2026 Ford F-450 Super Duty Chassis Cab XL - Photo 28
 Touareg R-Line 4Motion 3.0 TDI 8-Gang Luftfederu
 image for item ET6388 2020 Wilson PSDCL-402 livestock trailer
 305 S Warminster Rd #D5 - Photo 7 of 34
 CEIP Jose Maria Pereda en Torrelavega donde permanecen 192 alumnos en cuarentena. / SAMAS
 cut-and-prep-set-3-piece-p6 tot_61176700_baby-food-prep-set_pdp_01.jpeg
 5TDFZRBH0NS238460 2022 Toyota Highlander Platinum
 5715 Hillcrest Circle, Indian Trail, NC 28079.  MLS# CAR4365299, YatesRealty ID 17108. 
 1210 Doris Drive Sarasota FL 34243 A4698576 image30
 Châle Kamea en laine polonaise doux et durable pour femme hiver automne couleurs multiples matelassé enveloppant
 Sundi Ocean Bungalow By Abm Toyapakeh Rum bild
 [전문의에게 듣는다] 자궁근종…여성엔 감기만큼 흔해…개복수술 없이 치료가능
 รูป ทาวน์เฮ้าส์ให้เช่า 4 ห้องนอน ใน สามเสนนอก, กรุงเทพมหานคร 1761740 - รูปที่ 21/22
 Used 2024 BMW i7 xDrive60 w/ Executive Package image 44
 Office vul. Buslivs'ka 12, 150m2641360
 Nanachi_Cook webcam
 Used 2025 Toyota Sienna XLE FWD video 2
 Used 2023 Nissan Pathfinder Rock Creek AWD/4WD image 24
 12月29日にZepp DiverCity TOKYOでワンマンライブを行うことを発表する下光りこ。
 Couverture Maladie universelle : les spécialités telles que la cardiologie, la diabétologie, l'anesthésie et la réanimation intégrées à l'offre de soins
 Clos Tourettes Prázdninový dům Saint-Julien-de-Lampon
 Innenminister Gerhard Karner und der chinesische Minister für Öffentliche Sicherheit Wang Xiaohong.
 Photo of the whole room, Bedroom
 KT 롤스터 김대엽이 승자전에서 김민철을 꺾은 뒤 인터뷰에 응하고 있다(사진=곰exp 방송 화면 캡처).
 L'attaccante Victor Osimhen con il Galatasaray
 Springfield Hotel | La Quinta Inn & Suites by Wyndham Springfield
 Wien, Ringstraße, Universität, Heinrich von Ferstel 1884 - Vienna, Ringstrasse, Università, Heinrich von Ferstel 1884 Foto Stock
§ §
#### Try it:
From the line containing "Springfield Hotel |" through the last line of the records, output each line exactly and nothing more.

#### Solved problem:
 Springfield Hotel | La Quinta Inn & Suites by Wyndham Springfield
 Wien, Ringstraße, Universität, Heinrich von Ferstel 1884 - Vienna, Ringstrasse, Università, Heinrich von Ferstel 1884 Foto Stock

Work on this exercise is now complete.